**Pictures with short captions**
+ + + +

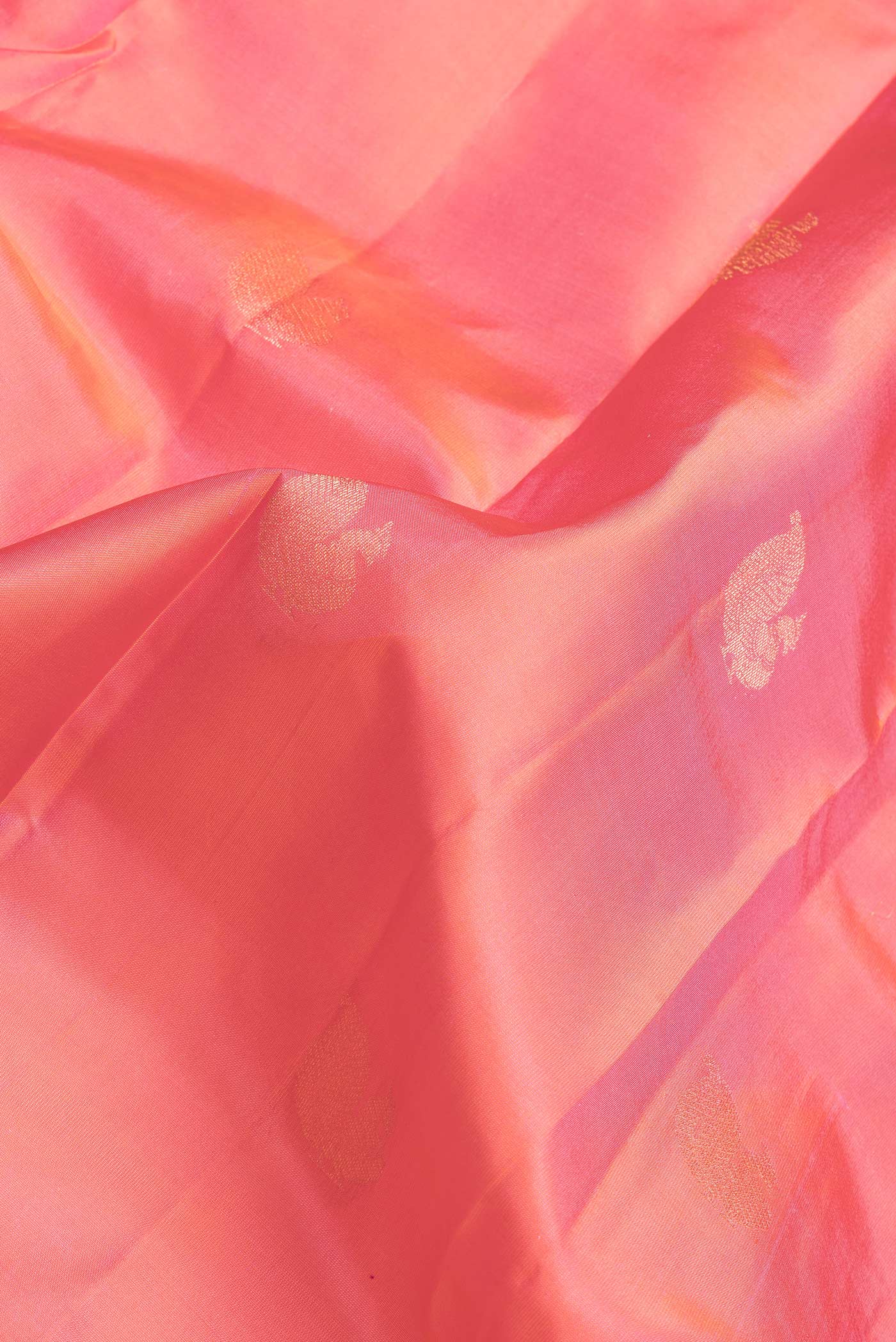 Close up of Coral Dual Tone Kanchipuram Silk Saree with Zari Butta on the body and Zari Border.  displaying folds
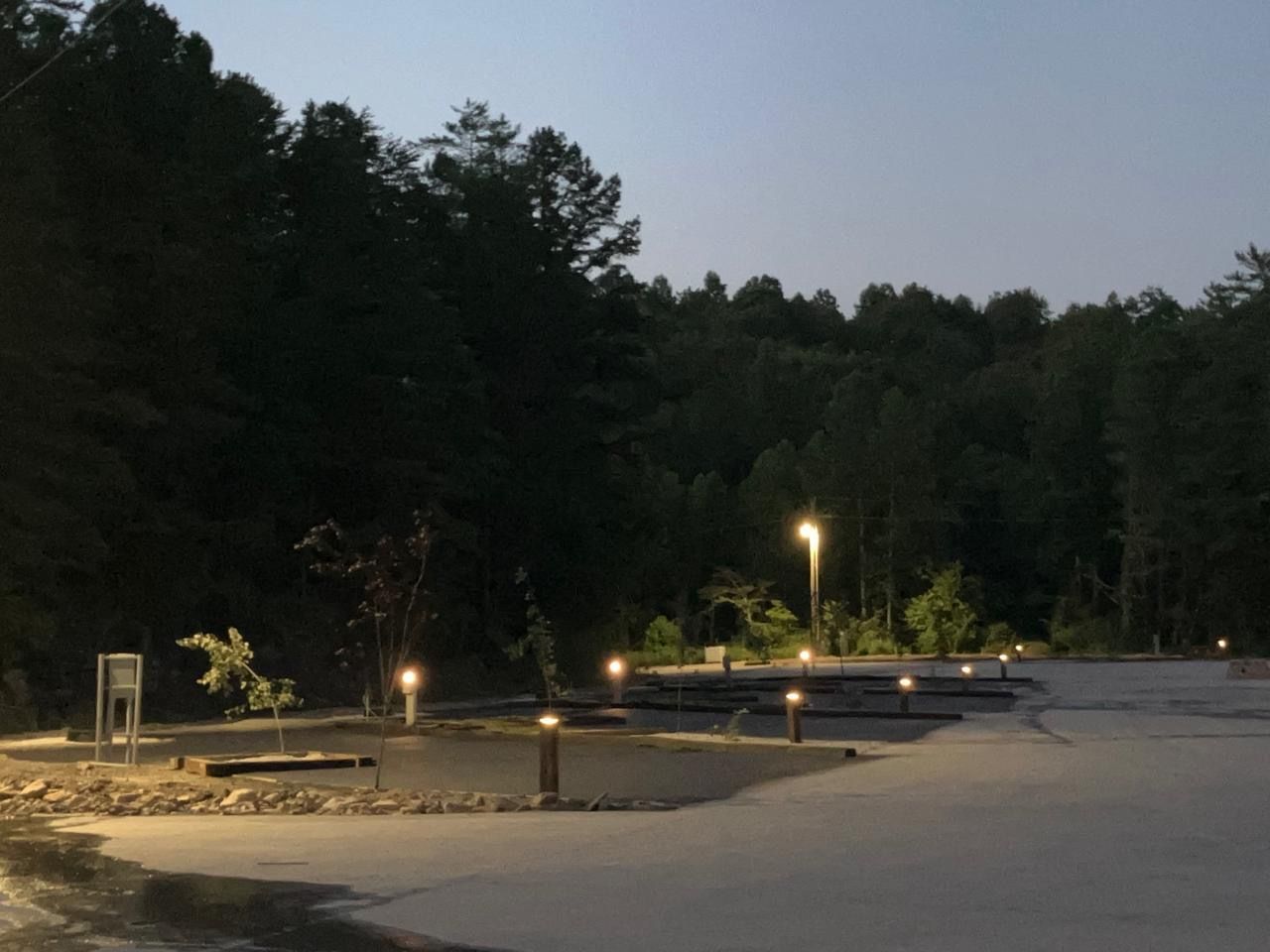 A camping area at dusk, with small lights illuminating the grounds and surrounding trees.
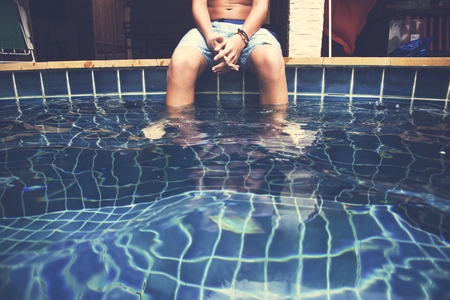Young caucasian boy put feet in swimming pool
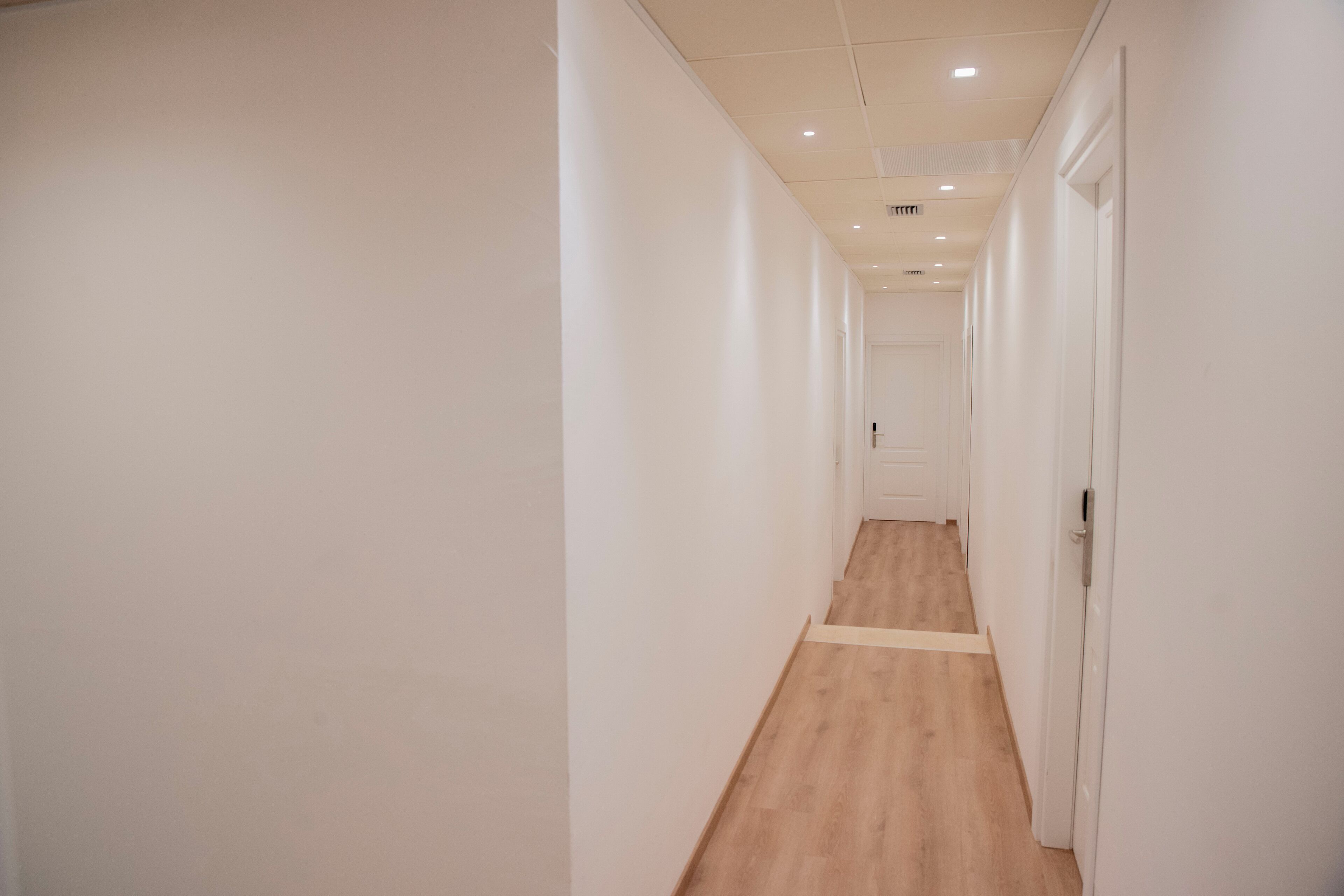 A narrow, well-lit hallway with wooden flooring and white walls.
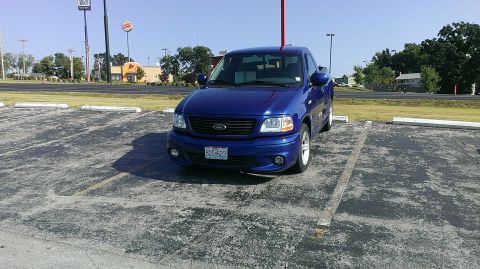 2003 Ford F-150 - A blue 2003 Ford F-150 Lightning pickup truck is parked in a lot with a Burger King in the background.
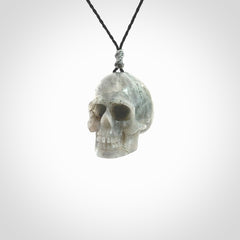 This picture shows a large sized Grey Moonstone skull pendant that we have hand carved. It is polished to a soft shine and is a very striking piece. The cord is black and has a small grey floret binding just above the pendant.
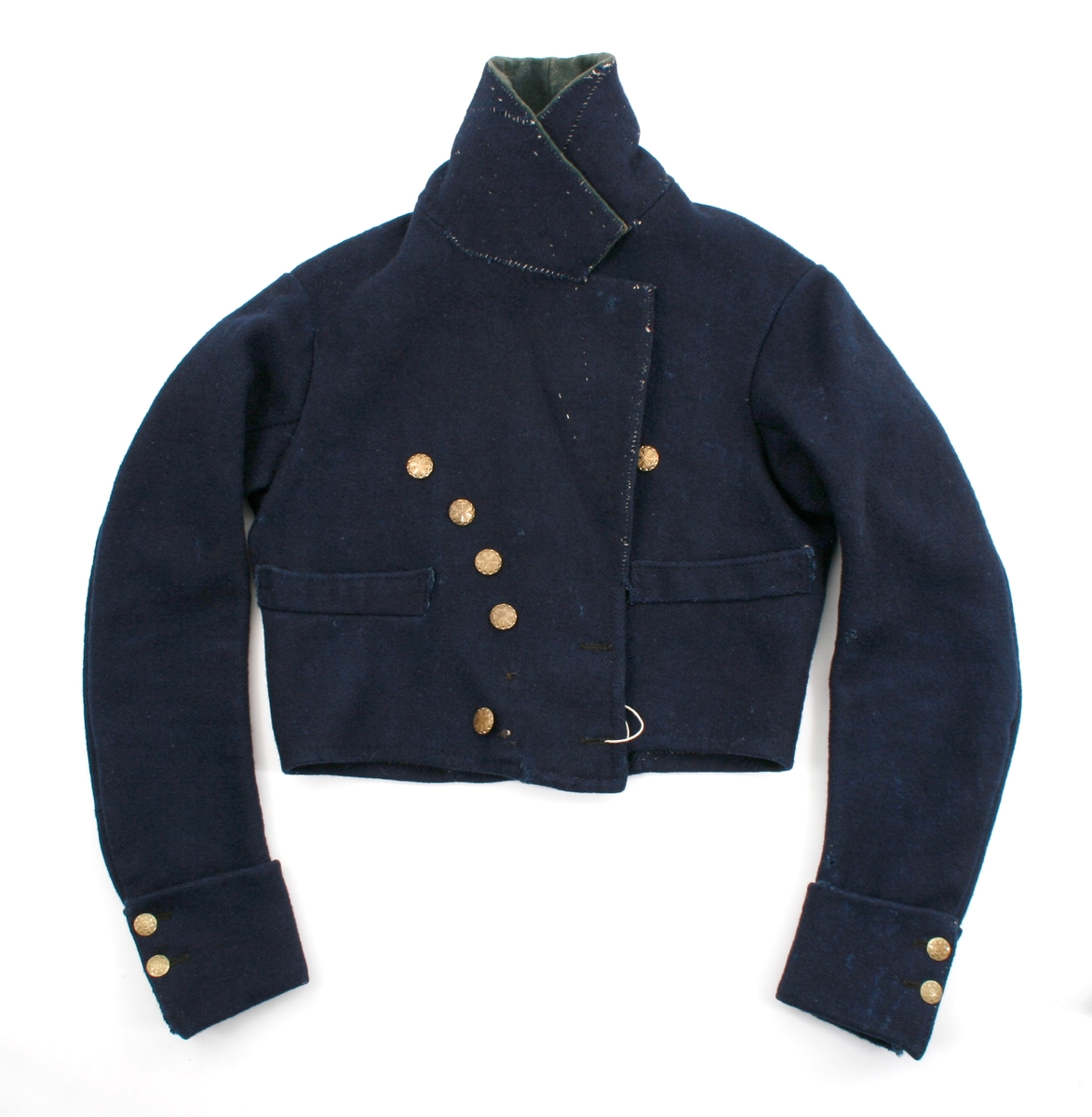 Kort trøye i mørk blått ullstoff, kypertvevd. Overkrage i mørk grønt ullstoff. Underkrage og slagene er mørkeblå. Trøyen er dobbeltspent med buet knappestilling 6 x 2. Den lukkes bare med 2 knapperKnappene er preget med en blomst i midten og en ytterkant av trekanter. På framstykket er det 2lommeklaffer, men bare 1 lomme foret med ubleket linstoff. Kun framstykket er foret. Sidesømmer og skuldersømmer er bakovertrekte. Trange tosømsermer med mansjetter som har 2 messingfargede knapper og 2 knapphull. Stikninger rundt kragen, slagene, MF og nedre kant av trøyen. Høyre undererme er skjøtt oppe ved ermhulen og nede ved mansjetten.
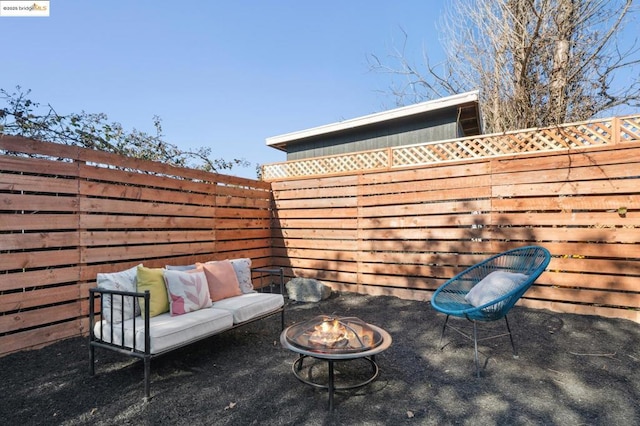 view of patio / terrace featuring an outdoor living space with a fire pit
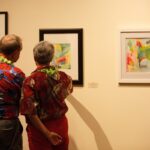 Two attendees study some of the artwork of Lyndrid Patterson while making their way through the exhibition.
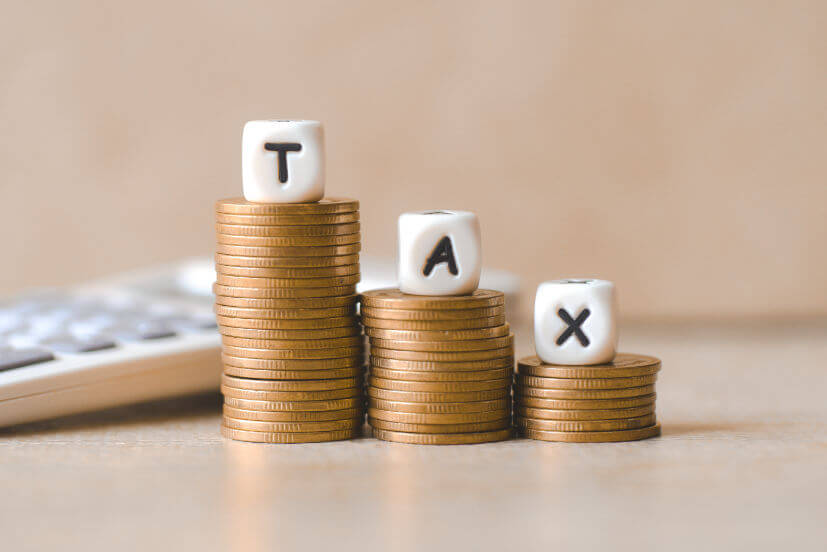 block-word-tax-money-calculator-wooden-background-tax-stacked-coins-financial-tax-concept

+ + + +

**Exercise objective**
Repeat each line above exactly. The pictures stay out.

**Written answer**
 Close up of Coral Dual Tone Kanchipuram Silk Saree with Zari Butta on the body and Zari Border.  displaying folds
 A camping area at dusk, with small lights illuminating the grounds and surrounding trees.
Young caucasian boy put feet in swimming pool
 A narrow, well-lit hallway with wooden flooring and white walls.
 2003 Ford F-150 - A blue 2003 Ford F-150 Lightning pickup truck is parked in a lot with a Burger King in the background.
 This picture shows a large sized Grey Moonstone skull pendant that we have hand carved. It is polished to a soft shine and is a very striking piece. The cord is black and has a small grey floret binding just above the pendant.
 Kort trøye i mørk blått ullstoff, kypertvevd. Overkrage i mørk grønt ullstoff. Underkrage og slagene er mørkeblå. Trøyen er dobbeltspent med buet knappestilling 6 x 2. Den lukkes bare med 2 knapperKnappene er preget med en blomst i midten og en ytterkant av trekanter. På framstykket er det 2lommeklaffer, men bare 1 lomme foret med ubleket linstoff. Kun framstykket er foret. Sidesømmer og skuldersømmer er bakovertrekte. Trange tosømsermer med mansjetter som har 2 messingfargede knapper og 2 knapphull. Stikninger rundt kragen, slagene, MF og nedre kant av trøyen. Høyre undererme er skjøtt oppe ved ermhulen og nede ved mansjetten.
 view of patio / terrace featuring an outdoor living space with a fire pit
 Two attendees study some of the artwork of Lyndrid Patterson while making their way through the exhibition.
 block-word-tax-money-calculator-wooden-background-tax-stacked-coins-financial-tax-concept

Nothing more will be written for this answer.